The experimental results obtained in each investigation could be enriched with other data. There are many databases that prepare these data on the basis of genome, transcription and proteome studies. The data can also be obtained from the bioinformatics databases that prepare the molecular and cellular characteristics of network components. Some of databases most used to annotate in systems biology are reported in Table 1. BioMart ( and 12D ( are other assembled databases that might be used in the enrichment of results. The efforts on the enrichment quality are progressively managed by plugins on networks.
Several clustering models are presented and applied to construct the biologic networks. A network refers to a collection of nodes contacted to edges. Basically, the models are able to build the network blocks, known as hubs. Each hub presents the local contacts of several nodes on the network. Although the hubs obtain the smallest operation units and may indicate the network functional or structural parts, other inter-hub coordinators are the most important linkers to build the network global motifs and modules. The data networking may manually be constructed after annotating the data. However, network analysis depends on the data integration, topology properties and organization characteristics [2].
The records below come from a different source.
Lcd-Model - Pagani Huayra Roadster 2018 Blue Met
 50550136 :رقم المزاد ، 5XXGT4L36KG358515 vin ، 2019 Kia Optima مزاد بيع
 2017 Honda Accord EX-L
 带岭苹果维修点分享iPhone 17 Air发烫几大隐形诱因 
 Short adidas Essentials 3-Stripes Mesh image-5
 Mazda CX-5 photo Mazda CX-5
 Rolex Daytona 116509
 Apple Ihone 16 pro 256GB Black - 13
Topological characteristics including network centrality and connectivity are resulted on the modeling techniques. Commonly, two computational methods, known as top-down and bottom-down models, are most used in systems biology. The large-scale data obtained from high-throughput techniques including the protein and gene expression results are generally clustered with the top-down model. On the other hand, the bottom-down model is applied to relatively small data. It is obvious that the use of clustering approaches such as K-means and MCL depends on the primary data and the system understanding of study.
The networks can be improved by apps in the viewer tools (Cytoscape and String). The network components including nodes and edges may be enriched manually by bioinformatics databases (such as BioMart) or automatically by the compatible plugins. The network processing by annotating data can clear the understanding of disease mechanism, signaling integration and gene regulatory systems [3].
Biochemical Networks
Based on the interest of biochemists and biologists, the systems biology improves understanding of cellular events by the system-wide analyses of proteome, genome and transcriptome. This approach opens wide areas to study the molecular interaction, gene regulatory, cell signaling, disease mechanism and response networks. Figure 1 show a protein-protein interaction (PPI) network obtained from gene coexpression data (GEO; GDS3973, DU145 cell line).
Although systems biology is improving our understanding of disease mechanisms, treatment responses and signaling integrations but its application depends on the advances of tools and bioinformatics. The main challenges can be considered on the scoring approaches of OMICS data, most described as interactome, and computational tools to annotate the network components. Furthermore, the improvement of clustering methods can effectively improve the global network construction [5].